There are so many voices competing for your mind share, particularly around the New Year, telling you what you should care about, change and go after that it can be hard to hear your own voice.
Last year around this time I blogged about New Year’s Resolutions and when it’s good not to make them. This year I want to encourage you to orient your life around what really matters.
Sounds kinda simple, right? Often, no.
The initial problem rests with all those other voices, with the competition we face in identifying what’s really important to us. How can you focus your energy on making time and space for your creative work or solidifying and growing your creative business or integrating your creative self into your life if the cultural narrative you are being peddled is one of short-term fixes and surface-level adjustments?
(Perhaps getting to more than the most important stuff can work if you are a Hindu god with multiple arms. Alas, you are not. Recommendation: stick the stuff that really matters.)
If you are truly ready to get to what’s important in 2011, step one is to actually identify the stuff that matters to you.
Next week I’ll be rolling out an offering for a group coaching program to equip you with a new story and strategic roadmap for getting to the deeply important creative, vocational and entrepreneurial goals you have for yourself, your business and your life in 2011. As a group, we’re going to start, here, too, with identifying what actually matters.
For now, I encourage you to take some quiet space to do a quick inventory of this last year as it relates to what’s important to you. Here are some guiding questions:
- If every moment of your year had been calendered, would a review of that calendar reveal that your time had reflected those deep, creative and difference-making priorities you set out for yourself?
- When did you feel most alive or creatively engaged over the last 12 months? What were you doing? What was the environment like? Were you alone or working on a team?
- What dragged you down the most? Was there a project or work that was soul-sucking? Be specific and detail the context and environment.

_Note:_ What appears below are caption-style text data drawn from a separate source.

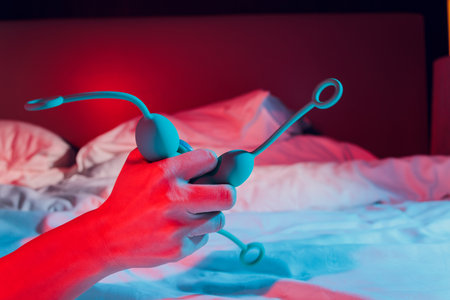 Woman holding anal balls in bed close-up.の写真素材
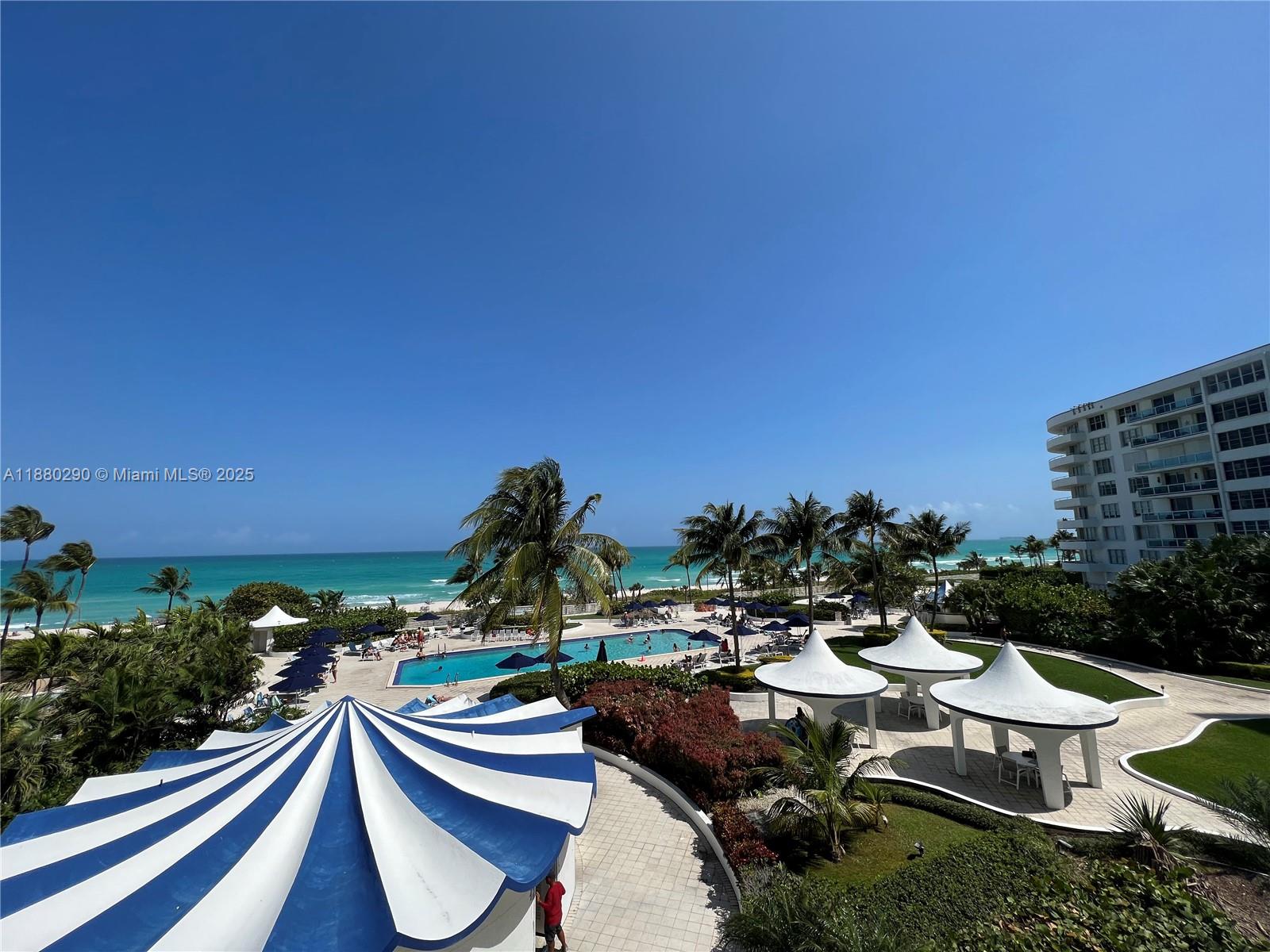 An elevated view shows a swimming pool, beach, and resort grounds with blue-and-white cabanas — 5161 Collins Ave # 514, Miami Beach FL 33140, MIAMI BEACH, FL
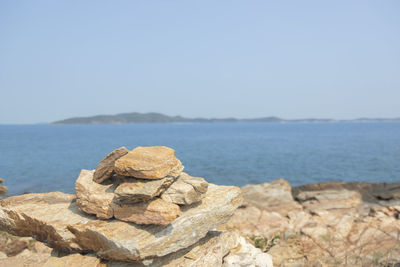 Scenic view of rocks on beach against clear sky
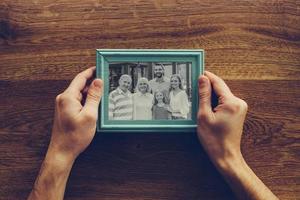 I love my family Close-up top view of man holding photograph of his family over wooden desk photo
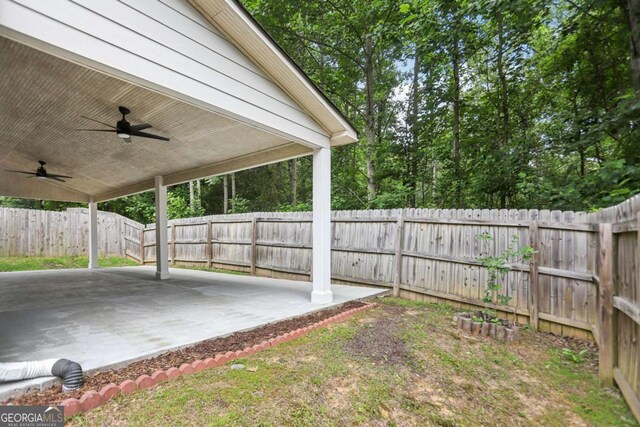 4546 Water Mill Dr, Buford, GA 30519 - fenced backyard with a ceiling fan and a patio area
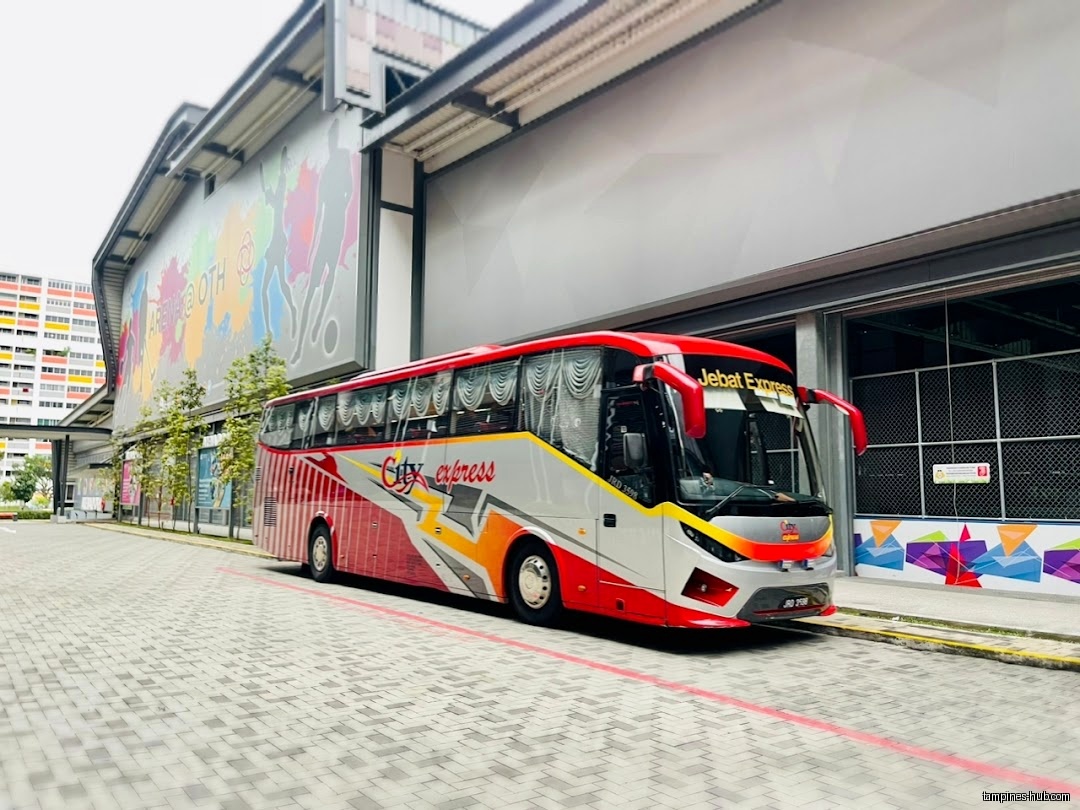 Arena @ OTH shop front with a parked Jebat Express bus.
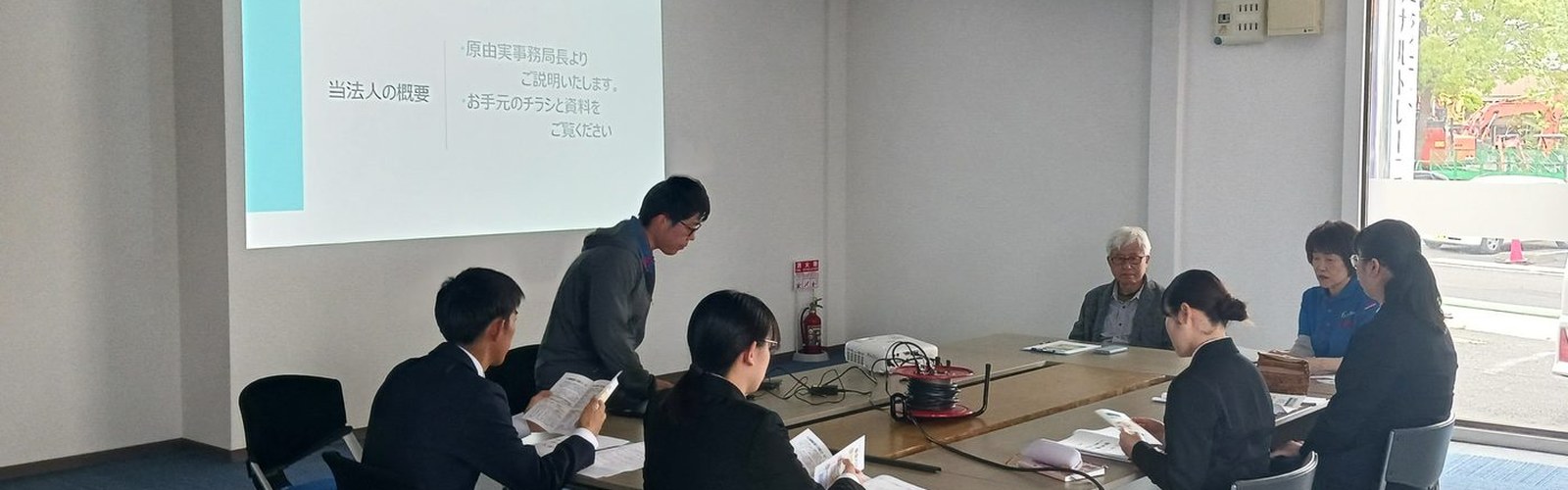 法人の説明会。スクリーンに資料を映し、机を囲んで話を聞いている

- What did you not do that you wish you had?
- How did you change and grow in ways that prepare you for getting to the stuff that matters in 2011?
I invite you to use your answers as building blocks for crafting your own story that you submit at Tell A Story. It will be an inspiration to others, I am certain!
Finally, as we sit at the threshold of a new year, I want to thank you — all of you — who have followed and participated in the growth of Get There From here throughout 2010. I’m deeply privileged to be doing this work that you make possible. Happy New Year!